How to stabilize your runs in MARL
In my previous post, I introduced an environment for studying emergent cooperation in multi-agent systems. While the basic mechanics were functional, the training runs where severely unstable. This post documents the solutions to this issue.
Characterizing the instability
The instability manifested across two dimensions. First, runs with identical hyperparameters produced wildly divergent outcomes:

Second, hyperparameter sweep revealed training collapse (note: perf is normalized version of score, however, in those early experiments, perf could go above 1 due to a bug in my environment, which I fixed later):

This level of variance made it impossible to distinguish genuine algorithmic improvements from random noise. Before adding environmental complexity, I needed to isolate and fix these sources of instability.
Solutions
Here is the list of things which helped:
- Rigorous logging validation
- Isolate non-determinism
- Randomize initial state distribution
- Sweep your rewards
Solution 1: Rigorous logging validation
Because you won’t be rendering thousands of experiments at different checkpoints, your logs are everything.

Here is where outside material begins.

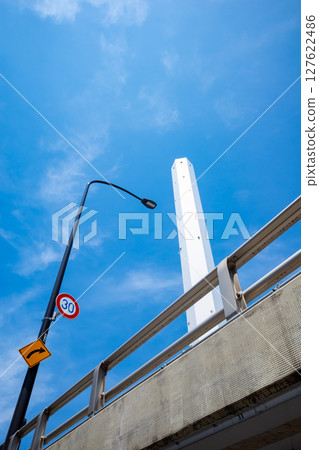 Looking up at street lights and tall chimneys a-1 127622486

If your log is bugged, or shows some metric which isn’t actually what you care about, you’re doomed to lose hours of work. So make sure these work.
I learned this the hard way. My initial logging measured agent survival time, but the implementation had subtle bugs in how it aggregated data across vectorized environments. Some edge cases (like agents surviving the entire episode) were never logged. Others were double-counted due to incorrect episode boundary handling.
Solution 2: Isolate non-determinism
Multi-agent RL environments accumulate sources of randomness: policy stochasticity, environment dynamics, GPU operations, floating-point arithmetic. Left unchecked, these make debugging nearly impossible.
The problem: you might have subtle bugs that only surface after hundreds of millions of steps. At that point, attributing failure to the algorithm versus the environment becomes guesswork.
My approach: aggressively seed everything and start simple. One environment, CPU execution, deterministic policy. Verify that trajectories are reproducible. Only then scale up. This establishes a ground truth you can return to when things break.
Solution 3: Randomize initial state distribution
This one is pretty straightforward but this really help agent see more diverse trajectories early on and learn a more stable policy.
Solution 4: Sweep your rewards
At first I was against changing the reward structure. I really wanted the agents to solve the task with minimal signal (death = -1). It turns out bad rewards can really screw your runs and there is nothing wrong with sweeping the rewards as long as you keep your main metric fixed.
Here is an example of a stable reward configuration that consistently solves the environment in under 25M steps:
| Reward Component | Description | Value |
|---|---|---|
| held_food_reward_scale | Inventory holding reward | 0.26 |
| hp_reward_scale | Current health reward (per timestep) | 0.07 |
| reward_collect | Food collection reward | 1.0 |
| reward_death_scale | Normalized survival time reward | 0.14 |
| reward_eat | Consumption reward | 0.63 |
| reward_steal | Stealing penalty | -0.46 |
| timestep_reward | Living penalty (per timestep) | -0.001 |
Reward-performance correlation
Analyzing reward-performance correlations across the sweep revealed clear patterns. Each dot is a single experiment with different rewards parameters. Discouraging theft seems essential:

Interestingly, dense HP-based rewards provided minimal benefit, possibly due to it being too noisy:

Maybe more obvious, rewarding collection and consumption behaviors proved essential:

Results: Establishing a stable baseline
The original training curves demonstrated severe instability:

Now, agents consistently reach high performance without sudden collapse, across multiple independent runs:

Demonstration and next steps
The video below shows a solved rollout. Agents spawn in the house region (grey tiles, bottom-left) and learn to survive by collecting & eating food:
Now that I get stable runs, I can move on and increase the environment complexity to make things even more interesting.